Mia le lanzó una mirada. En un mundo donde la mayoría de la gente se moría de hambre, Sean se las había apañado para ganar peso. A pesar de los constantes viajes y peleas, el tío no se saltaba ni una comida. Su cara se había vuelto decididamente más redonda.
«Quizá la estupidez sea realmente un rasgo de supervivencia…»

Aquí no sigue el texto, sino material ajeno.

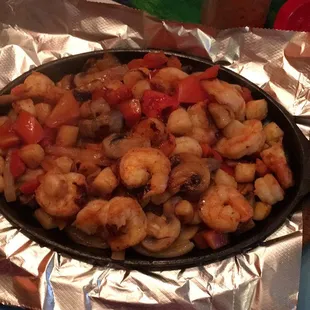 Fajitas del mar - shrimp and scallop fajitas with tortilla, refried bean, guac, lettuce, sour cream, and tomato on the side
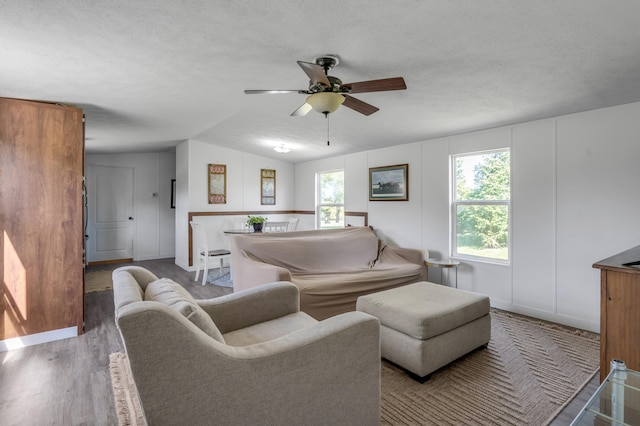 living room with lofted ceiling, a textured ceiling, hardwood / wood-style flooring, and ceiling fan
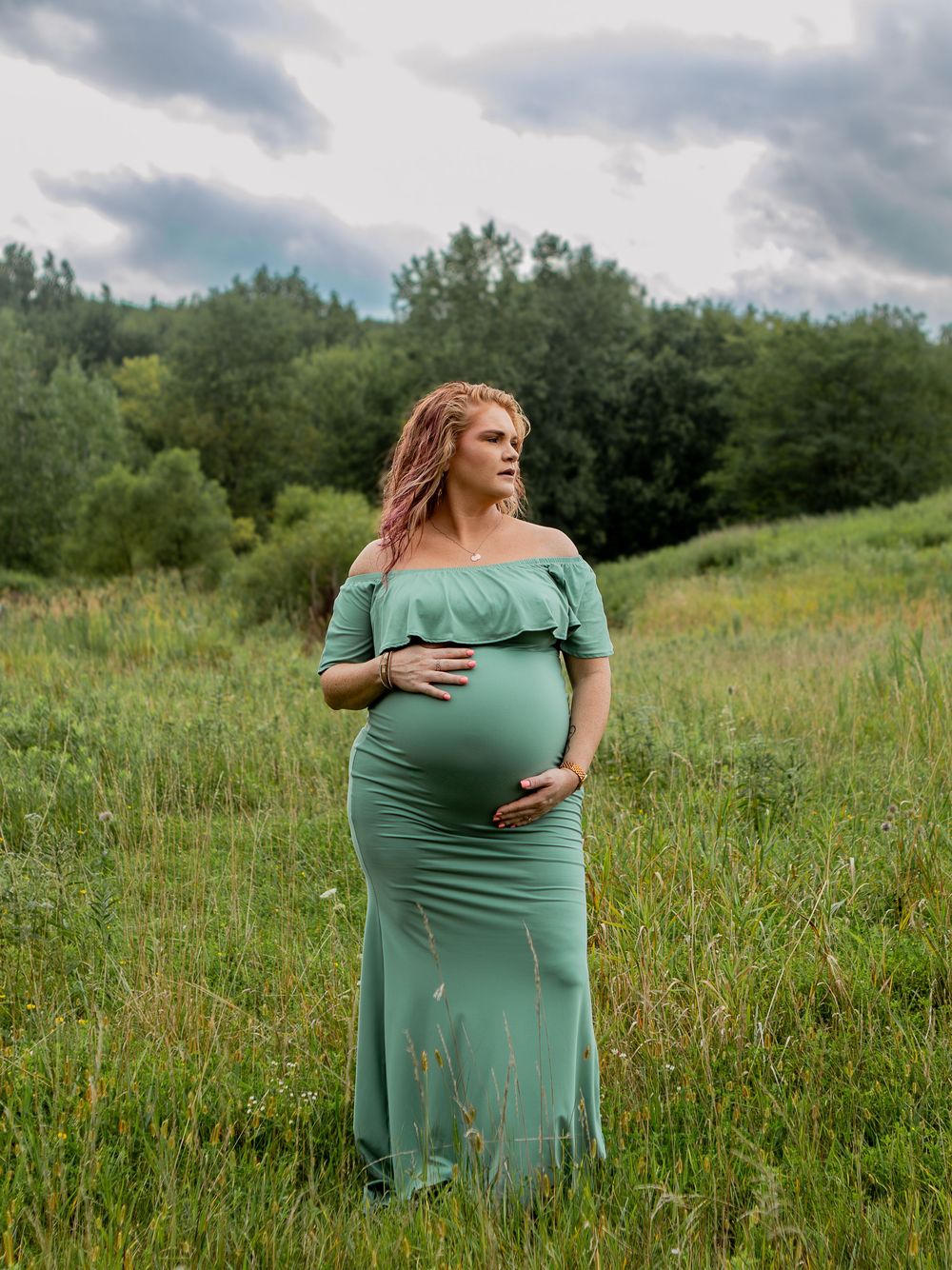 Pregnant woman in sage green off-shoulder gown standing in lush green field under cloudy sky.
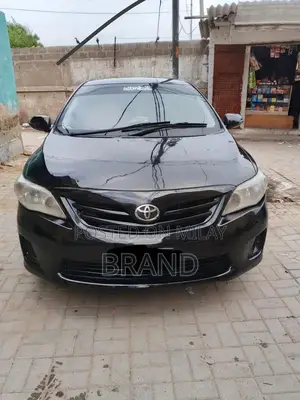 Photo - 2011 Toyota Corolla XLI Sedan - Well-Maintained Sedan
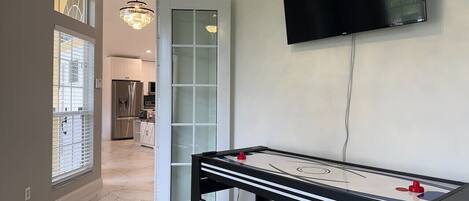 Une pièce équipée d’un baby-foot, d’un téléviseur fixé au mur et d’une porte donnant sur une autre pièce.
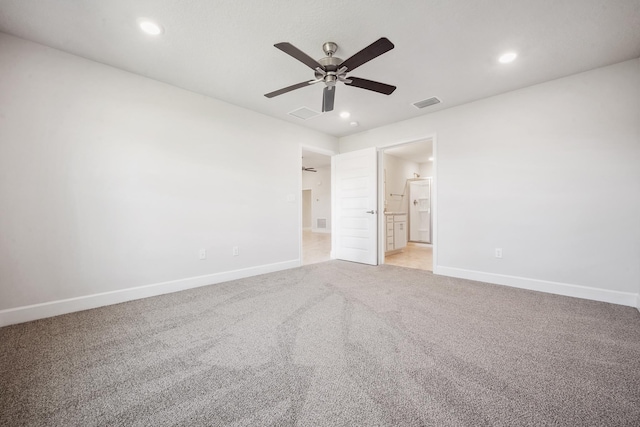 unfurnished bedroom featuring ceiling fan, ensuite bathroom, and light carpet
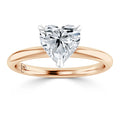 A gold band ring with a heart-shaped diamond solitaire set in a minimalist prong setting.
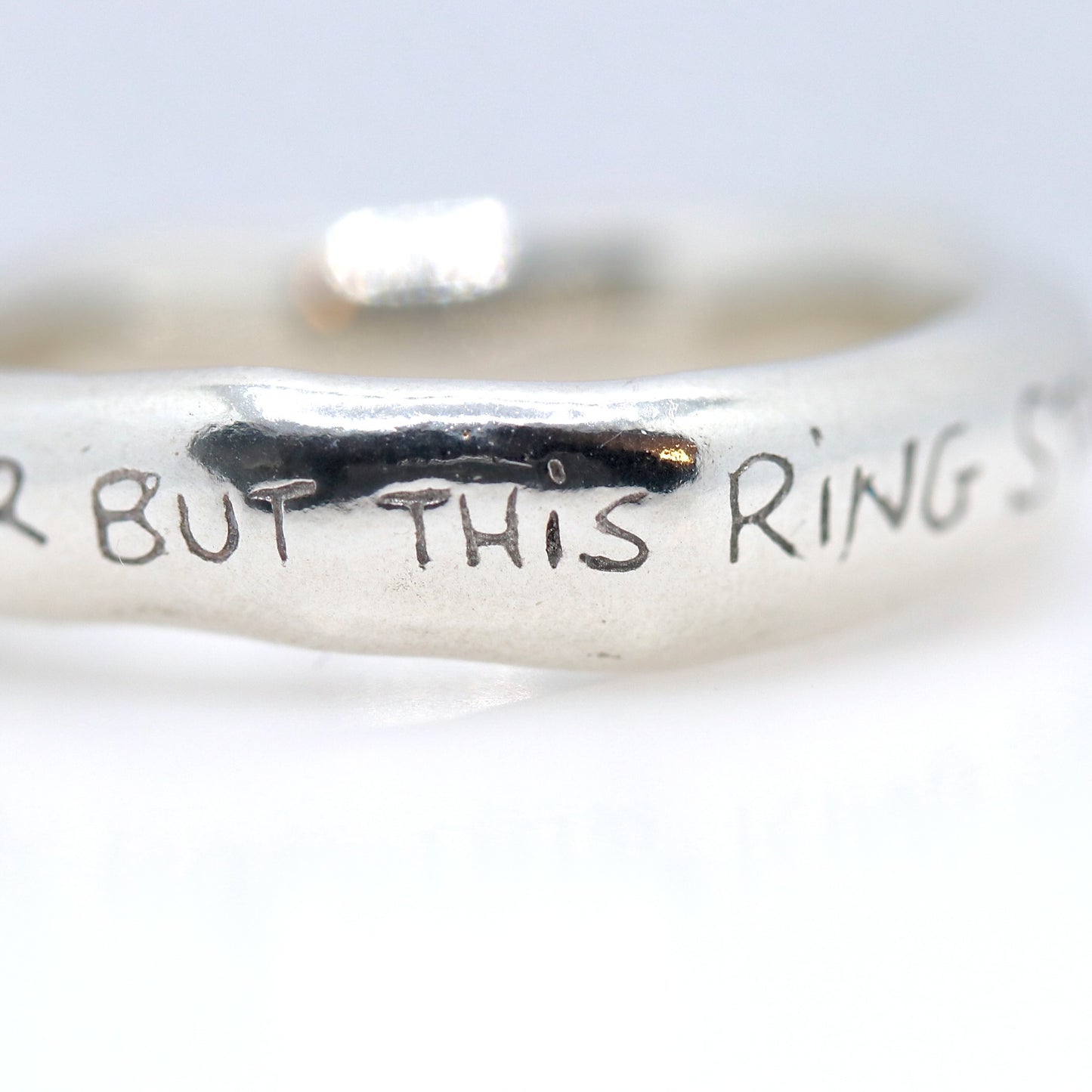 Silver ring with engraved text on a white background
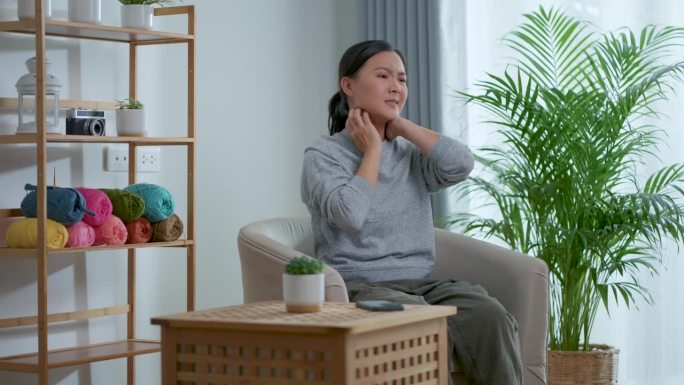 一位亚洲妇女坐在家里客厅的扶手椅上，皮肤痒得难受。
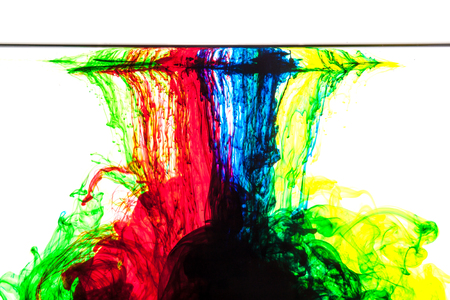 Color clouds flowing underwater isolated on a white backgroundの写真素材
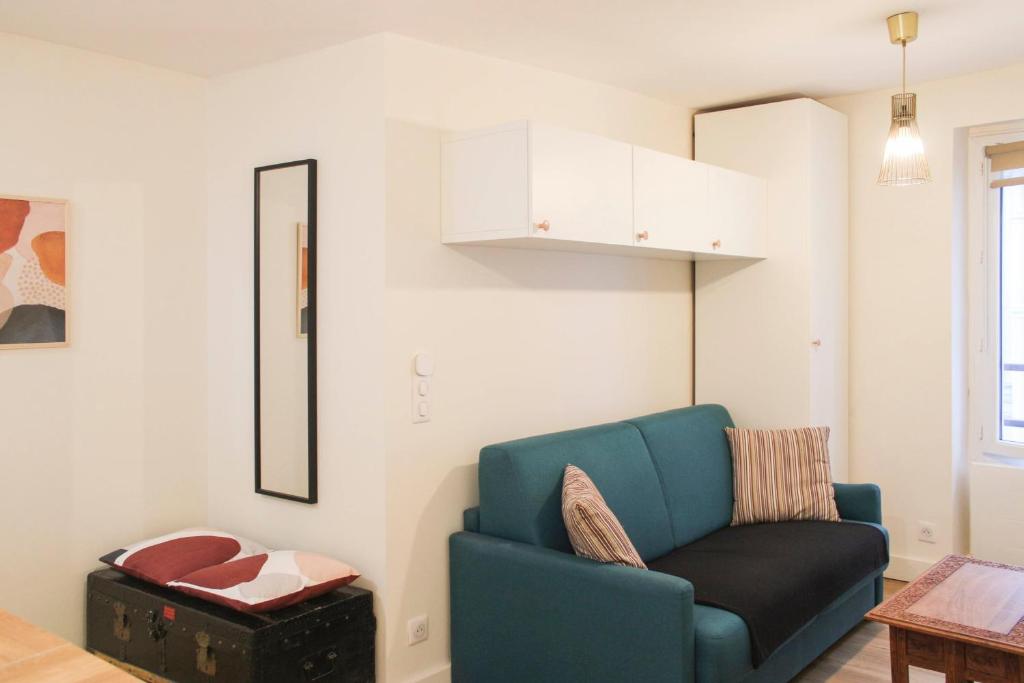 a living room with a blue couch and a table at bright studio with balcony quiet location in Paris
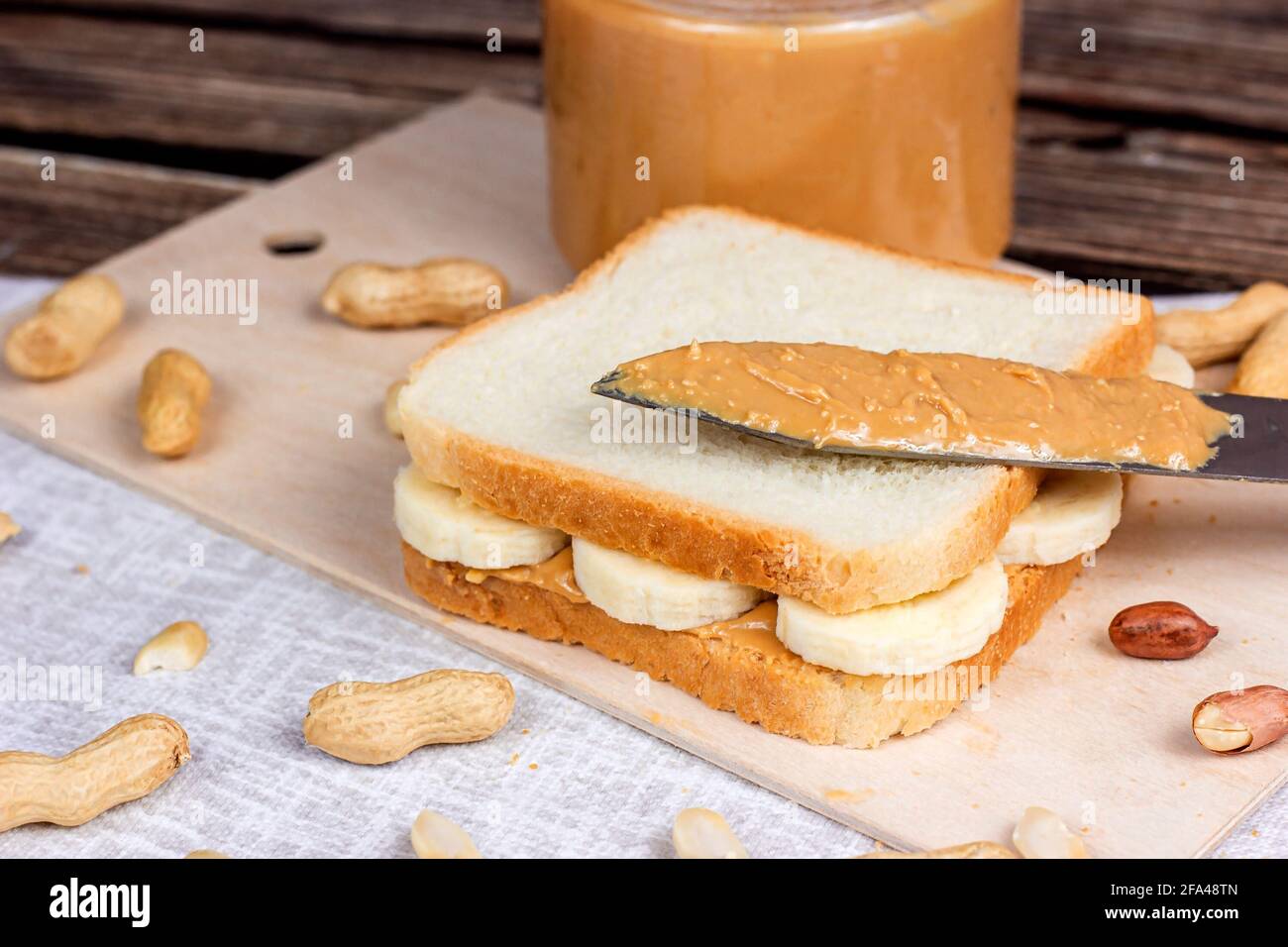 Sandwich maison pour le petit-déjeuner avec beurre d'arachide frais et croquant et bananes sur fond textile léger. Banque D'Images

Justo en ese momento, el anciano de antes se acercó arrastrando los pies, todavía con la misma sonrisa espeluznante.
—Bueno, amigos —dijo, con voz grave pero educada—. Hora de pagar la cuenta.
Chris y los demás se giraron para mirarlo. De cerca, su rostro era aún más esquelético, y las profundas arrugas proyectaban sombras que le hacían parecer sacado de una película de terror.
Y todos lo sabían: este tipo no era humano.
—¿Cuánto es? —preguntó Ethan con naturalidad.
La sonrisa del anciano no vaciló. —No mucho. Solo un núcleo de cristal de grado A por toda la comida.
La mesa se quedó en un silencio sepulcral.
Entonces Chris prácticamente saltó de su asiento. —¿¡Un núcleo de grado A!? ¡¿Por esta comida?! ¡¿Sabe siquiera lo que vale un núcleo de grado A?! ¡¿Por qué no nos atraca a punta de pistola y ya está?!
—Sé perfectamente lo que vale —dijo el anciano con calma, como si hubiera esperado esa reacción.
En el estado actual del mundo, un núcleo de grado S podía convertirte en un señor de la guerra regional. Los núcleos de grado A seguían siendo increíblemente raros y valiosos: se usaban para alimentar armas de alto nivel, tecnología o incluso para mejorar habilidades. ¿Cambiar uno por un plato de costillas y macarrones con queso? Una locura.
—Pero ese es el precio aquí —continuó el anciano, sin dejar de sonreír—. Si no quieren pagar… siempre puedo llamar a los guardias del pueblo.